30/08/2018 às 18:06 #1 Última edição: 30/08/2018 às 18:18 por Lord Wallace
Belo texto!

Achei a ambientação muito interessante e bem introduzida - gosto quando detalhes relevantes do mundo são revelados pouco a pouco no meio das descrições de atos comuns. Por falar nas descrições, são abundantes e detalhadas, mas ao mesmo tempo fáceis de serem visualizadas e compreendidas. Fiquei curioso em relação à continuação da história, mas mais pela ambientação em si do que pelo gancho do final do capítulo (não pude deixar de imaginar o Gandalf ali com um chapéu de palha heheh).
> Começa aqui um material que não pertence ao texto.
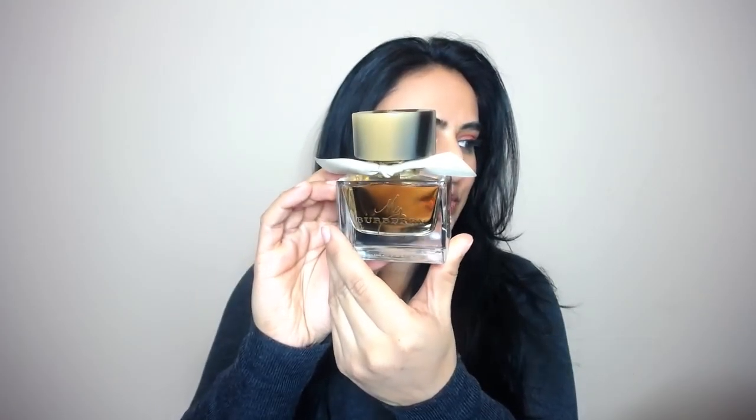In the warmer months, I tend to wear the My Burberry perfume. It comes in really cute packaging. It has more of a floral type of scent — it smells like you're going through a really beautiful floral garden. I just love the way the scent lingers all day. It totally reminds me of springtime. That is just a fragrance that I absolutely love.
A maneira de escrita que você usou é bem intrincada e desenvolvida, mas tome cuidado para não tropeçar com isso. Por conta do estilo rebuscado, as palavras repetidas e os erros de concordância e encadeamento ficam muito mais evidentes e podem estragar todo o trabalho que você teve construindo um vocabulário complexo e esmerado. A erudição na escrita deve ser mais um adorno do que um ponto focal do texto em si -- use-a com moderação, mas sem abrir mão do seu estilo.

Continue mandando capítulos pra gente por aqui :ok:



Obrigado pelo comentário, Wallace! Fico felizão com isso, na moral.

A ambientação primária - um cenário desolado e um cavaleiro solitário ao lado de sua montaria - foi uma inspiração que não se esconde nenhum pouco de onde é derivada: Shadow of the Colossus, isto é. Mas, é claro, trabalhei em cima dessa ideia e desenvolvi um ambiente inóspito, e fazendo isso senti uma grande necessidade de ressaltar as dificuldades que, juntos, os dois camaradas houveram de superar. A narrativa agora desvia-se da natureza devastada para reinos de esplendor, mas não por muito tempo. É uma preferência minha descrever mundos em decadência.

Com certeza erros de concordância e repetição são males que me perseguem. Não sou muito bom no que se diz a respeito de um entendimento aprofundado da língua, mas isso não me impede, claro, de exercer minha imaginação numa folha em branco.

É uma dica valiosa, isso que você disse sobre a erudição na escrita. Muitas vezes denoto textos onde o uso de sinônimos é extremamente vasto, tornando-se até mesmo redundante, ou desvirtuando o resto do texto em si.

No mais, valeu mesmo! É sempre animador receber um feedback. Amanhã devo postar o próximo capítulo. Vou postando devagar, afinal não escrevi tantas páginas da história.